Last updated 2016/03/22
Return to the Suffield Academy Network Documentation Homepage
A printable version of this document is also available.
Like many networks, we use a private IPv4 space on our LAN selected from the RFC 1918 range. In order to translate between the private address and our public routable addresses, we use a router capable of network address translation (NAT).
We also use this device to perform filtering services (firewall), both in the context of NAT and as protection for internet-facing hosts.
Traditionally, we had our firewalls in an "on-path" deployment, where all traffic from our lan equipment passed through our firewalls on the way to our ISP router. This made the firewalls a single point of failure and choke point for all traffic.
This document describes our current setup, using an "off-path" deployment so that our core networking equipment handles all of the traffic and only forwards the traffic that needs to be NATed or filtered to the firewalls. This cuts down on the work the firewalls have to do, and also allows us to deploy redundant firewalls without a lot of effort or expense.
Previously, we used OpenBSD and its PF packet filter. While still our platform of choice, we found it increasingly difficult to filter high volumes of traffic due to OpenBSD's single-threaded kernel architecture. We've since moved to FreeBSD, which still provides the basic features we used (including PF), but adds a multi-processor-aware system.
Suffield has a primary connection to the internet through the Connecticut Education Network (CEN). We are provided a /23 of routed addresses from CEN. Suffield's internal LAN uses RFC 1918 private addressing, and all of our machines live in this space.
We have two firewall machines: Ash and Hook. Each has its own 10-gigabit connection to our core switch, and a crossover connection to the other machine.
The crossover connection allows the machines to share firewall state
(via pfsync
). Otherwise, the two machines are independent and do
not rely on each other. There is no "active" or "master" machine;
both firewalls process traffic when they are functioning.

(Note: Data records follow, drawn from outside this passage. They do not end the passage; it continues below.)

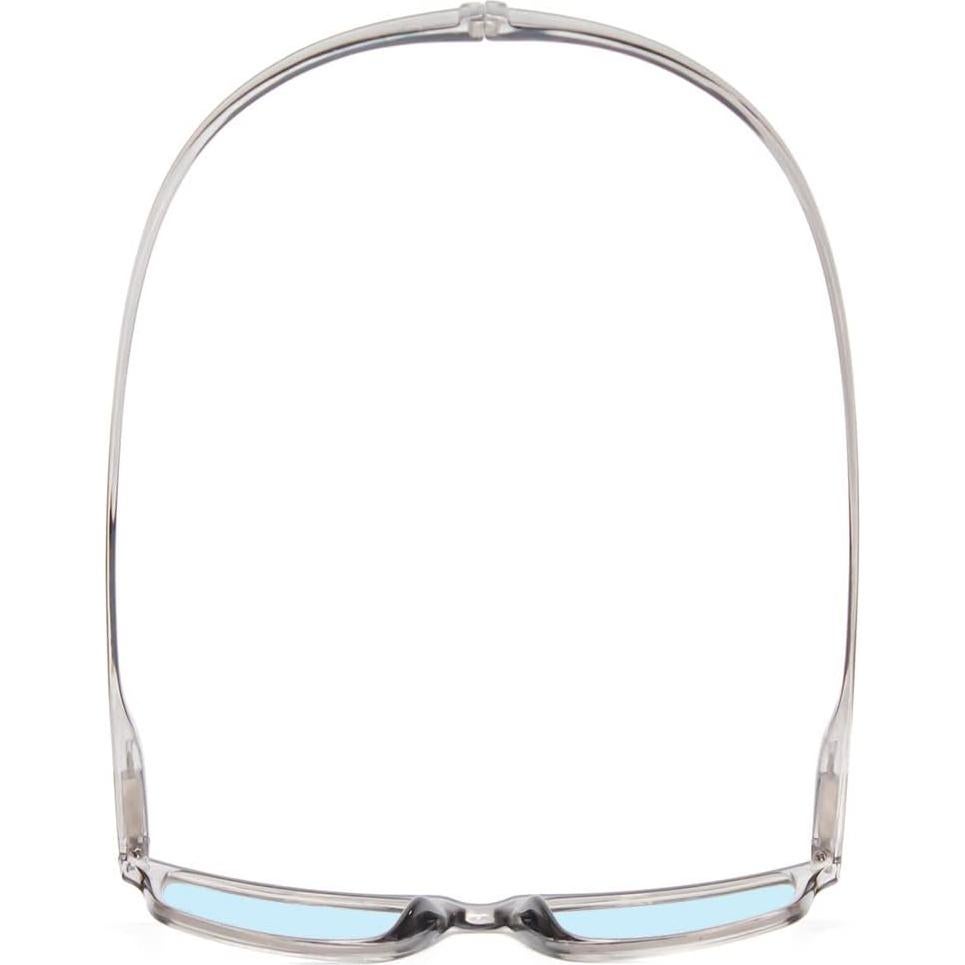 Gafas de lectura Magz Gramercy con filtro luz azul 3x unisex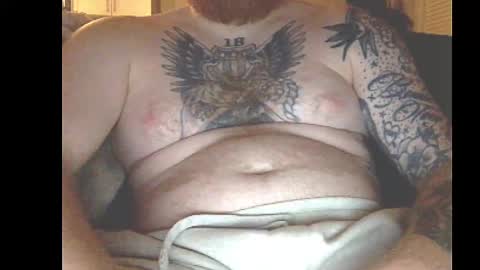 Snapshot of jamesbuilt chatting on September 2025 05:55:02 AM jamesbuilt online show from September 2025 05:55:02 AM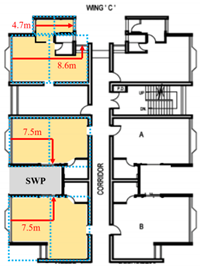 Buildings 12 01414 i041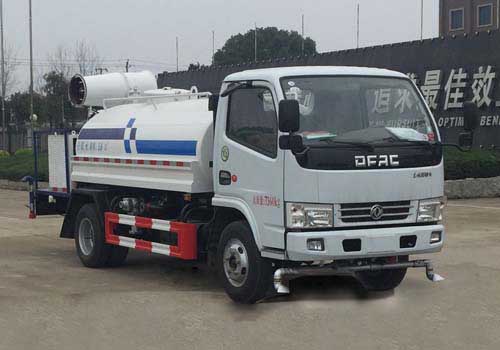 空調(diào)aqh2223風機電壓低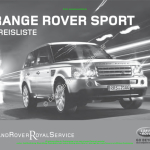 2008-07_preisliste_land-rover_range-rover_sport.pdf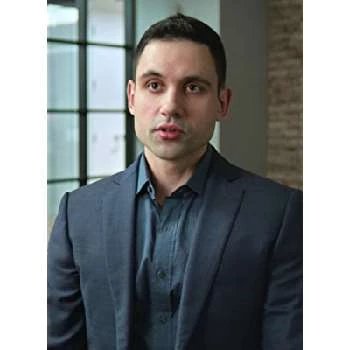 Saoud Khalifah - Age, Bio, Birthdate, Family, Networth & More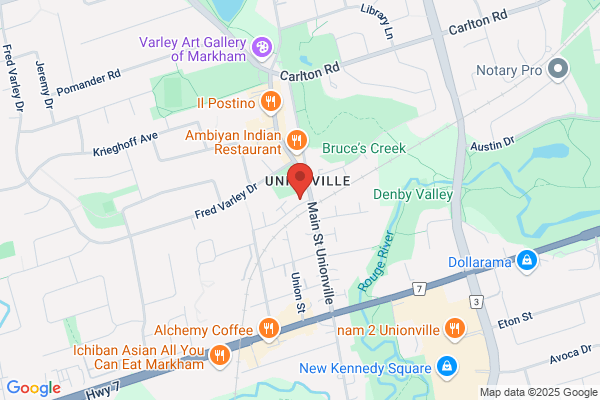 Unionvillage Dental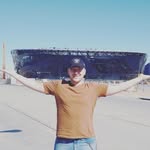 John Rawson - @cheddarjohnbruh - Instagram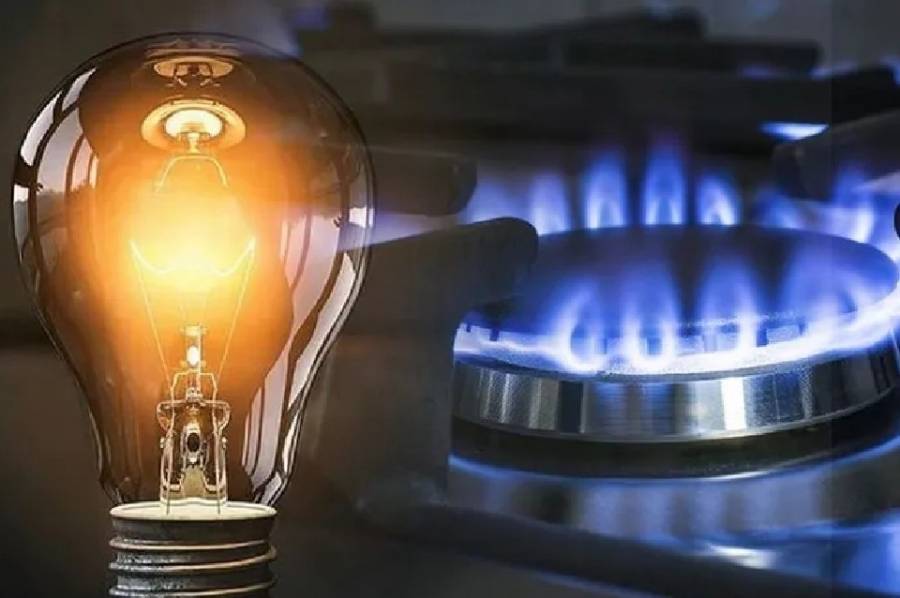 En 2026, cambia el esquema de subsidios para la luz y el gas: cómo impactará en las tarifas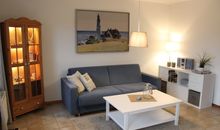 Ostsee - Maisonette - Appartement Nr. 49 "Weitsicht" im Strand Resort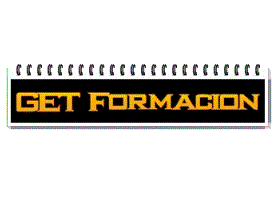GET FORMACION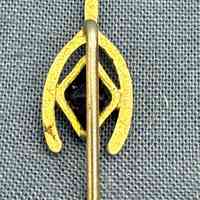 Stick Pin - Image 3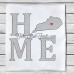 Home State KY Quick Stitch Designs Kentucky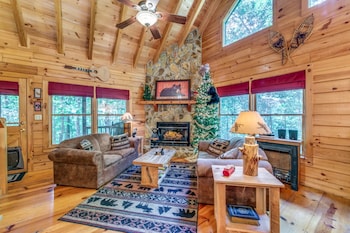 Bear Foot Ridge - thumb 2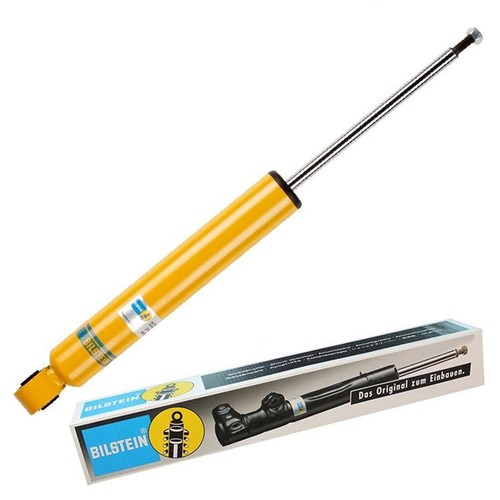 Ammortizzatore bilstein sport - ammortizzatore,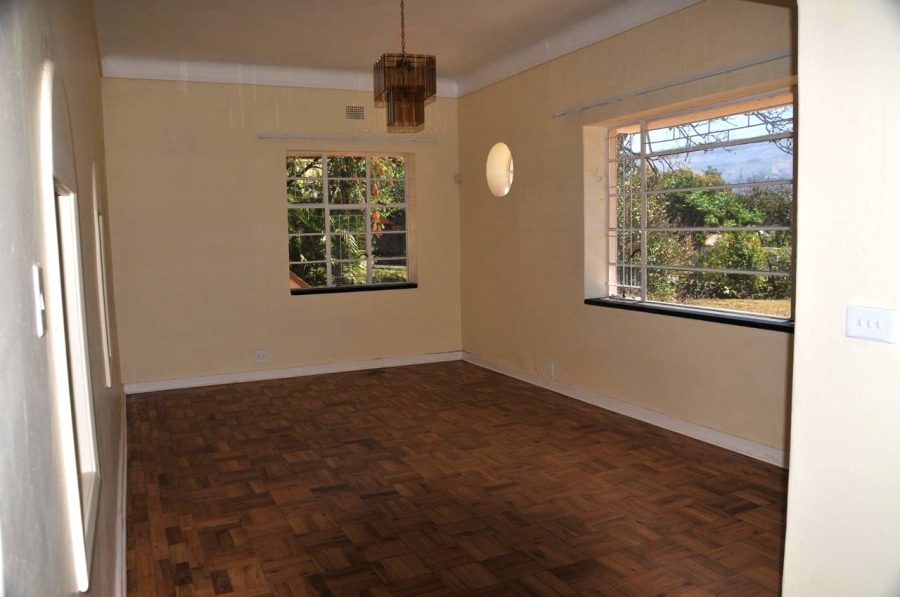 4 Bedroom Property for Sale in Sabie Mpumalanga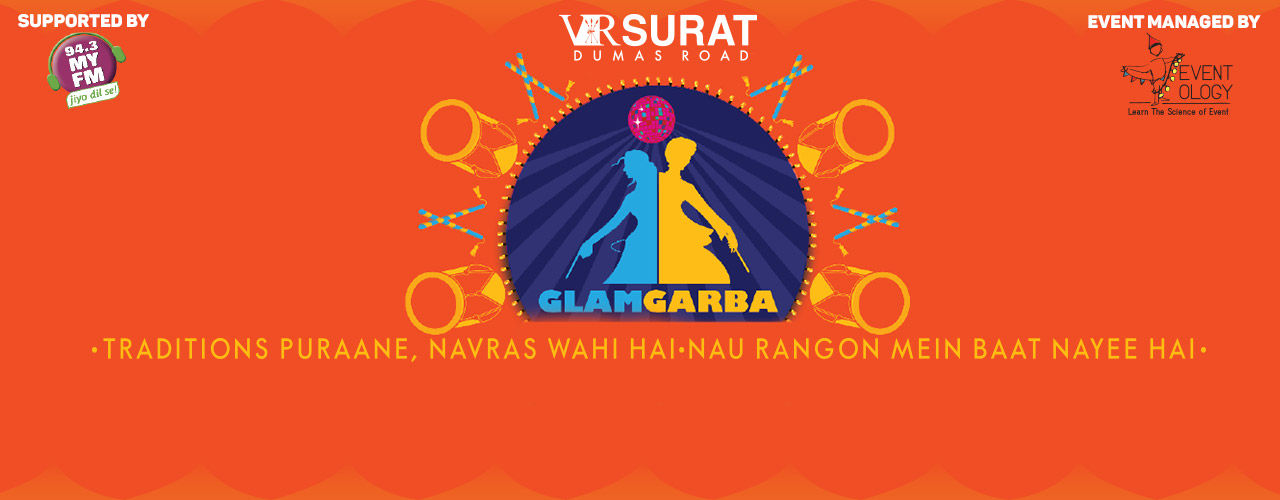 media-desktop-glam-garba-2019-2019-9-20-t-17-42-40.jpg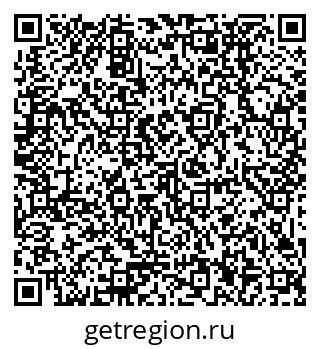 79379036488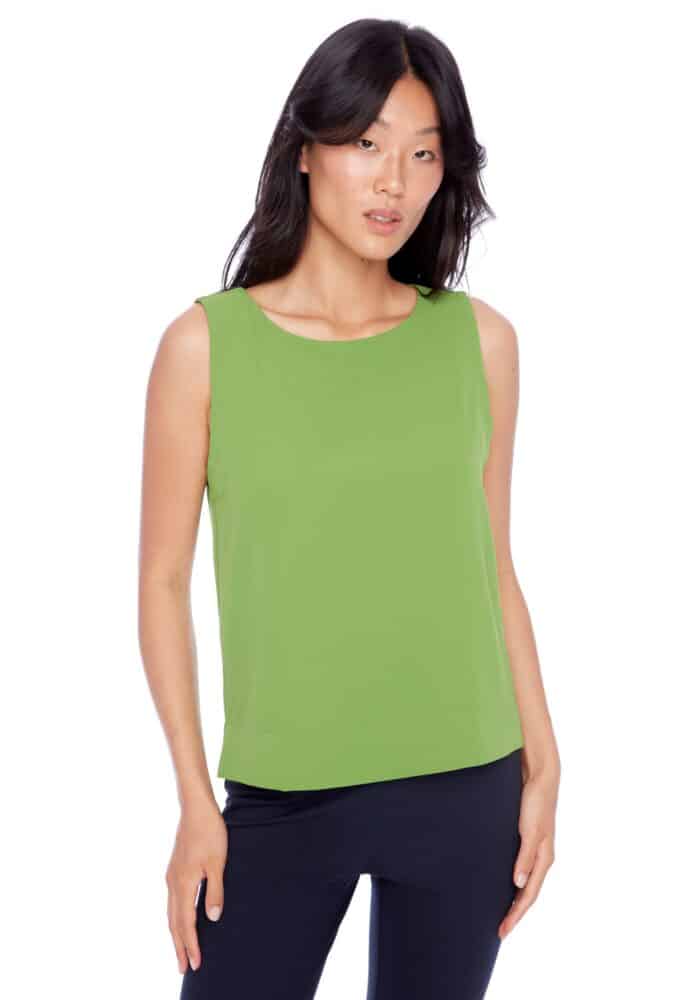 I Love Tyler Madison Gianna Camisole - Posh Boutique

The core switch is configured to route traffic to both firewalls. It uses Bi-directional Forwarding Detection (BFD) to determine if a firewall host is "up" and ready to process traffic. We run a BFD daemon on each firewall, and by signalling it up or down we can take the firewall in and out of service without reconfiguring the core.
FreeBSD runs on most off-the-shelf hardware, and has good driver support for most decent hardware.
As these machines are firewalls, we want the best packet handling abilities we can get. With modern 10 gigabit cards and multiprocessor CPUs, the system should take advantage of multiple cores and spread packet processing out over the cores. Thus, go with a well-supported NIC and a multi-core machine. We use three NICs total: one for management, one for pfsync, and one for "transit" (PF filtering). The transit interface handles the bulk of the traffic, and so is a 10gb card. The others handle a relatively low amount of traffic, so we use the onboard 1gb cards.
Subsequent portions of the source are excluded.